OLAĞAN DEVRE XXVI. PERŞEMBE

İncil: Luka 10, 1-12

Bu olaylardan sonra Rab yetmiş kişi daha görevlendirdi. Bunları ikişer ikişer, kendisinin gideceği her kente, her yere kendi önünden gönderdi. Onlara, “Ürün bol, ama işçi az” dedi, “Bu nedenle ürünün sahibi Rab’be yalvarın, ürününü kaldıracak işçiler göndersin. Haydi gidin! İşte, sizi kuzular gibi kurtların arasına gönderiyorum. Yanınıza ne kese, ne torba, ne de çarık alın. Yolda hiç kimseyle selamlaşmayın. Hangi eve girerseniz, önce, ‘Bu eve esenlik olsun!’ deyin. Orada esenliksever biri varsa, dilediğiniz esenlik onun üzerinde kalacak; yoksa, size dönecektir. Girdiğiniz evde kalın, size ne verirlerse onu yiyip için. Çünkü işçi ücretini hak eder. Evden eve taşınmayın. “Bir kente girdiğinizde sizi kabul ederlerse, önünüze konulanı yiyin. Orada bulunan hastaları iyileştirin ve kendilerine, ‘Tanrı’nın Egemenliği size yaklaştı’ deyin. Ama bir kente girdiğinizde sizi kabul etmezlerse, o kentin caddelerine çıkıp şöyle deyin: ‘Kentinizden ayaklarımızda kalan tozu bile size karşı silkiyoruz. Yine de şunu bilin ki, Tanrı’nın Egemenliği yaklaştı.’

Size şunu söyleyeyim, yargı günü o kentin hali Sodom Kenti’nin halinden beter olacaktır.

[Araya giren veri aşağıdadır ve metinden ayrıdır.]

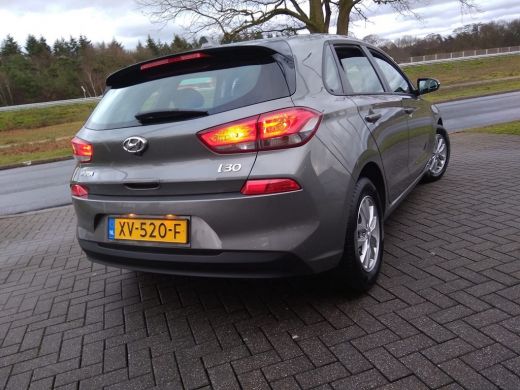 Hyundai i30 1.0 Turbo | Comfort Hatchback | Rijklaar zonder afleveringskosten! | Climate Control | Cruise Con... ActivLease financial lease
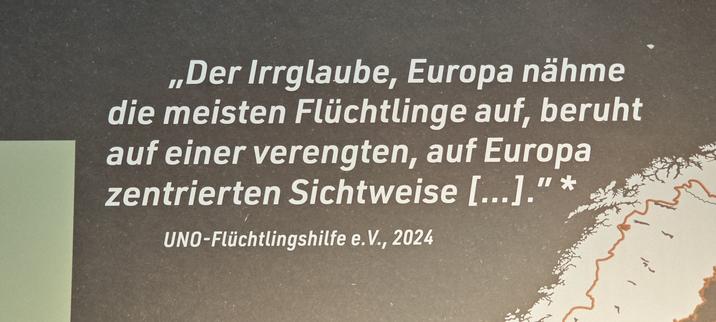 Aufnahme einer Schautafel aus der Gedenkstätte im ehemaligen Notaufnahmelager in Gießen
"Der Irrglaube, Europa nähme die meisten Flüchtlinge auf, beruht auf einer verengen, auf Europa zentrieren Sichtweise [...]"
UNO Flüchtlingshilfe e. V., 2024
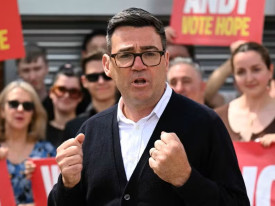 L&iacute;der da C&acirc;mara de Manchester ser&aacute; candidato &agrave; sucess&atilde;o de Keir Starmer - DR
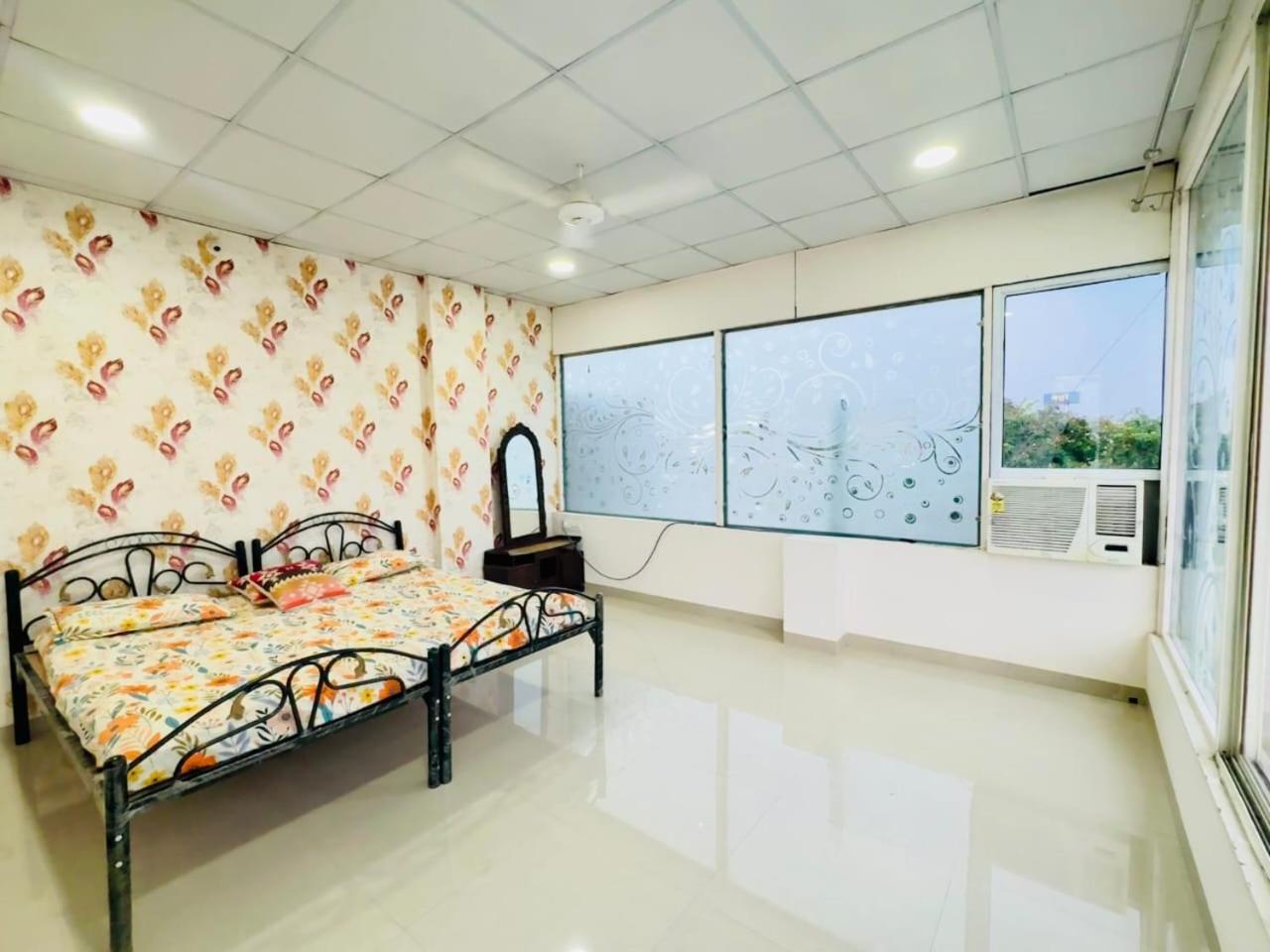 Gulmohar Villa Indaur Kültér fotó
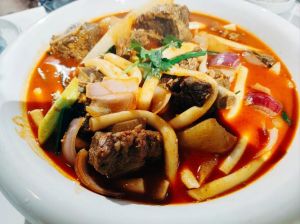 贵州黄焖羊肉的做法_煸炒去膻爆香，羊肉鲜嫩味美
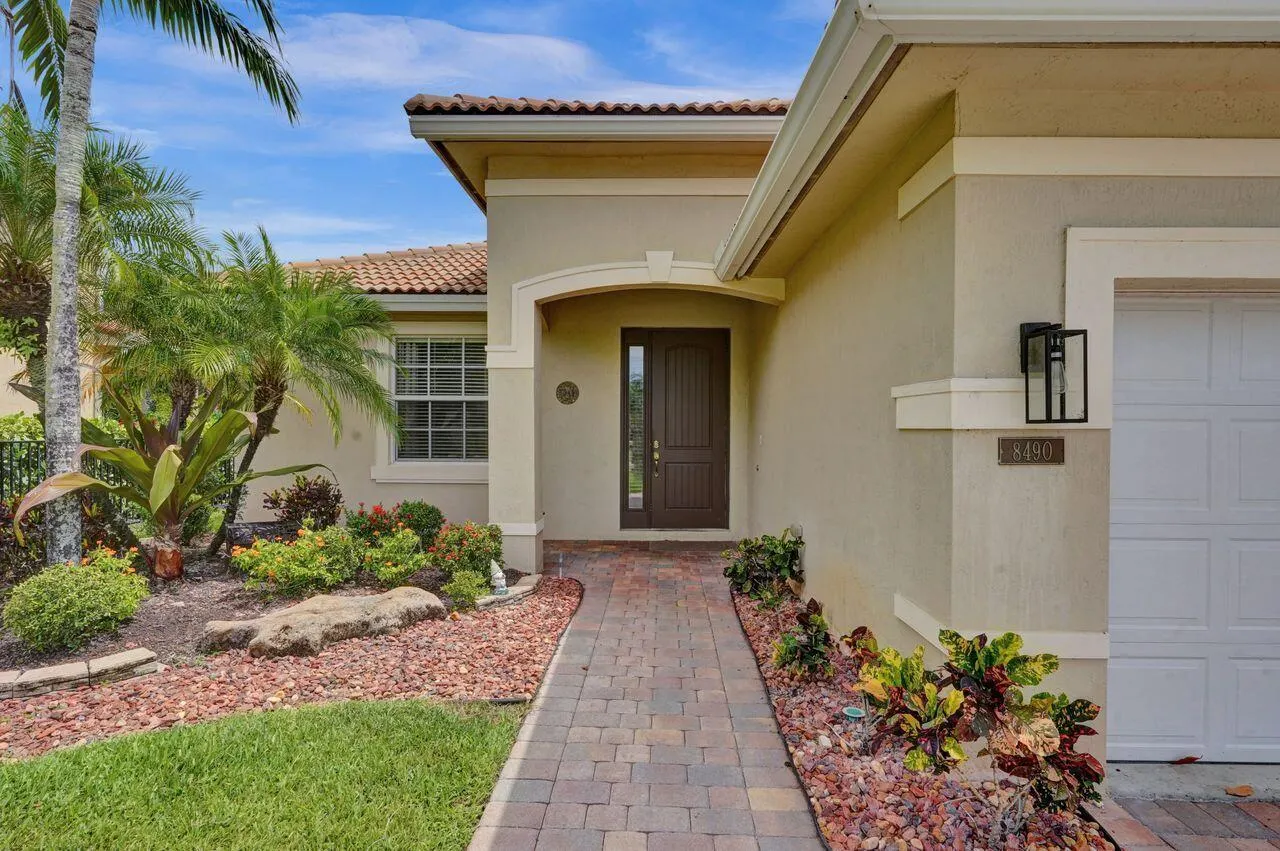 8490 Lyons Ranches Road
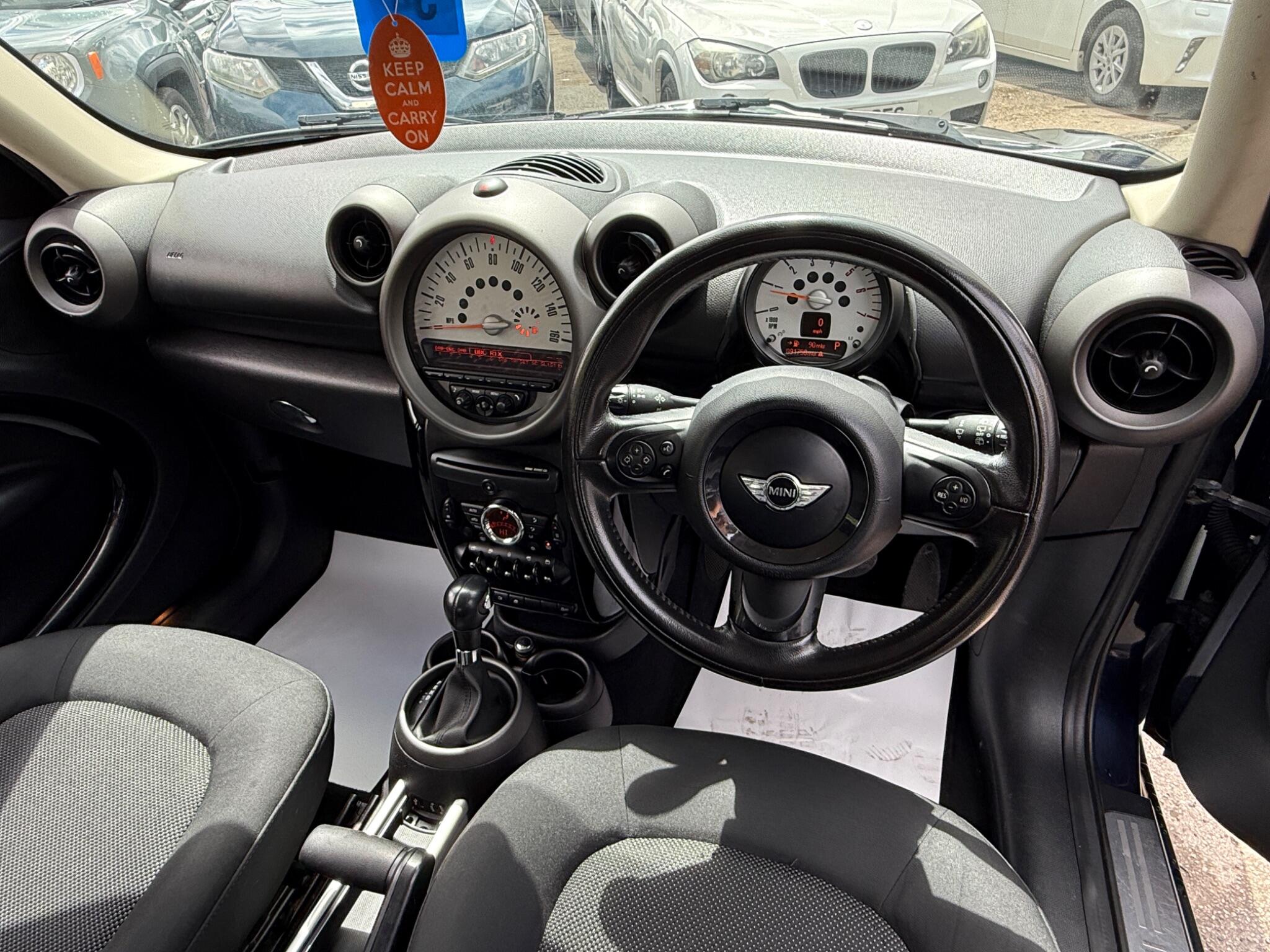 MINI Countryman - Image 35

29 EYLÜL: BAŞMELEKLER MİKAEL, GABRİEL VE RAFAEL’İN BAYRAMI

İncil: Yuhanna 1, 47-51

İsa, Natanel’in kendisine doğru geldiğini görünce onun için, “İşte, içinde hile olmayan gerçek bir İsrailli!” dedi. Natanel, “Beni nereden tanıyorsun?” diye sordu. İsa, “Filipus çağırmadan önce seni incir ağacının altında gördüm” yanıtını Natanel, “Rabbî, sen Tanrı’nın Oğlu’sun, sen İsrail’in Kralı’sın!” dedi.
İsa ona dedi ki, “Seni incir ağacının altında gördüğümü söylediğim için mi inanıyorsun? Bunlardan daha büyük şeyler göreceksin.” Sonra da, “Size doğrusunu söyleyeyim, göğün açıldığını, Tanrı meleklerinin İnsanoğlu üzerinde yükselip indiklerini göreceksiniz” dedi.